== PROVIDED ENTRIES

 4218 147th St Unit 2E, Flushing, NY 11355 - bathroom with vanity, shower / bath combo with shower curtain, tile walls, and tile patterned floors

====
== PROVIDED ENTRIES

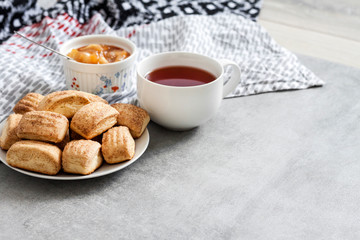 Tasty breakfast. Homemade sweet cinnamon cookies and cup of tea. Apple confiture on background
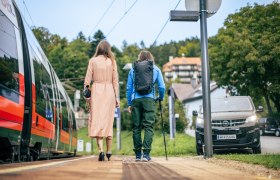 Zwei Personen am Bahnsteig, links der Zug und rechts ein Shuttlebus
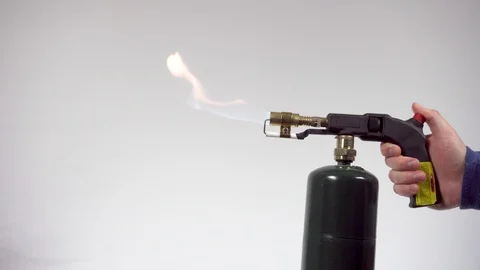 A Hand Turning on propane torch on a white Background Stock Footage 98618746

====

TASK TO COMPLETE ::
Nothing but the lines from the one containing "Zwei Personen am" through the one containing "A Hand Turning" should appear, copied exactly from the material above and without pictures.

EXERCISE RESULT ::
 Zwei Personen am Bahnsteig, links der Zug und rechts ein Shuttlebus
 A Hand Turning on propane torch on a white Background Stock Footage 98618746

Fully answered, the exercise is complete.